For Marks & Spencer, this joint venture should help the company catch up in online grocery, an area that it’s fallen well behind in.

Food was once one of the few bright spots for Marks & Spencer, a classic British retailer that has been battling falling sales and declining relevance for the last decade. But in recent years it has taken its eye off the ball as it focused on trying to fix its clothing business and went too upmarket with its grub.

M&S’s comparable food sales in the UK fell by 2.1% in the most recent third quarter, which followed a 2.9% decline in the first half of the year.

A big part of that slump is down to M&S’s failure to spot the shift to online groceries. Chairman Archie Norman, who was appointed in mid-2017, wrote in last year’s annual report that “the growth of home delivery in food” was one of several “threats that are eroding our business and market position.”

“Accelerated change is the only option,” Norman wrote.

M&S has tried to do online food delivery itself but said in Wednesday’s deal announcement that the trial was “uneconomic due to the high cost of manually picking from store.”

The Ocado tie-up gives Marks & Spencer access to market-leading warehouse and delivery technology, as well as the expertise on how to best run the operations.

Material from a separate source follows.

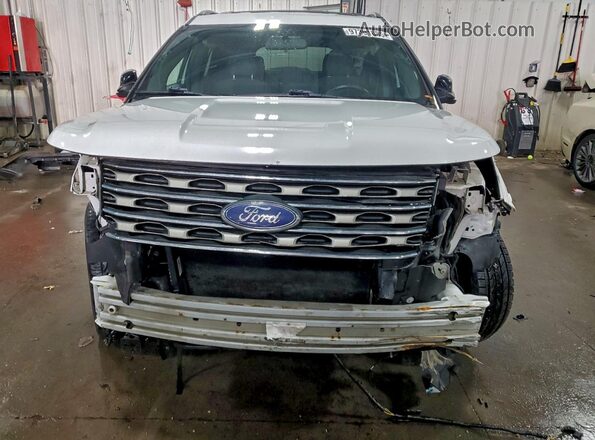 1FM5K8D85GGC93986 2016 FORD EXPLORER White წინა ხედი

Overnight, it would acquire online food delivery capabilities.

M&S CEO Steve Rowe said in Wednesday’s announcement: “Our investment in a fully aligned joint-venture with Ocado accelerates our Food strategy as it enables us to take our food online in an immediately profitable, scalable and sustainable way.”

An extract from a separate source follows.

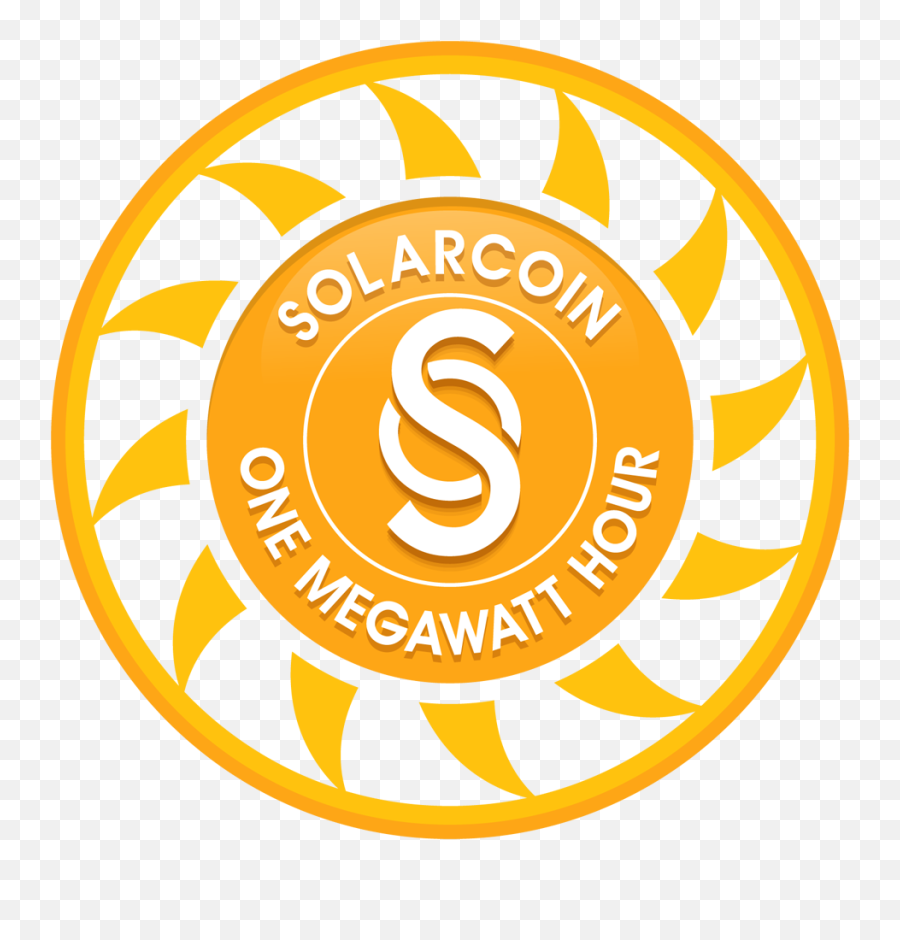Smap Energy Becomes Solarcoin Affiliate - Solar Coin Logo Png Emoji,Ualbany Logo
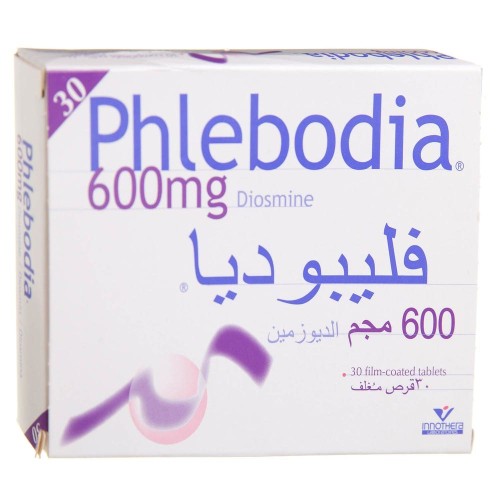 PHLEBODIA 600 MG 30 قرص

‘Does M&S have the appeal for larger shops?’

While the transaction does make a lot of sense for both sides, there are risks — particularly for M&S.

Marks & Spencer used Wednesday’s announcement to reduce its dividend by 40%, which could anger investors. Shares in M&S fell by 8% on Wednesday morning after the divi cut and rights issue were announced.

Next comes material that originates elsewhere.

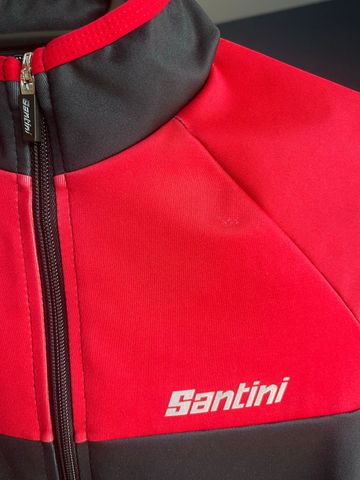 Used Santini veste cyclisme bike — image 5 of 6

Independent retail analyst Nick Bubb said M&S “still haven’t proved that they can generate a high enough shopping basket to make online grocery pay, so this seems a huge leap in the dark for them.”

Neil Wilson, chief market analyst at Markets.com, raised similar points.

Investors were happy with the deal outline yesterday but they won’t be too chuffed that the board is slashing the dividend by 40%,” he said in an email on Wednesday morning.

“The question is does M&S have the appeal for larger shops? Basket sizes at M&S are extremely small relative to other larger supermarkets and significantly below the current Ocado minimum for delivery.

He added: “I would also query whether M&S can retain the current Ocado customer base who are used to getting Waitrose products. There is a high risk of customer leakage as consumers rotate to Waitrose’s in-house delivery service.”

The transaction is set to close in the third party of this year.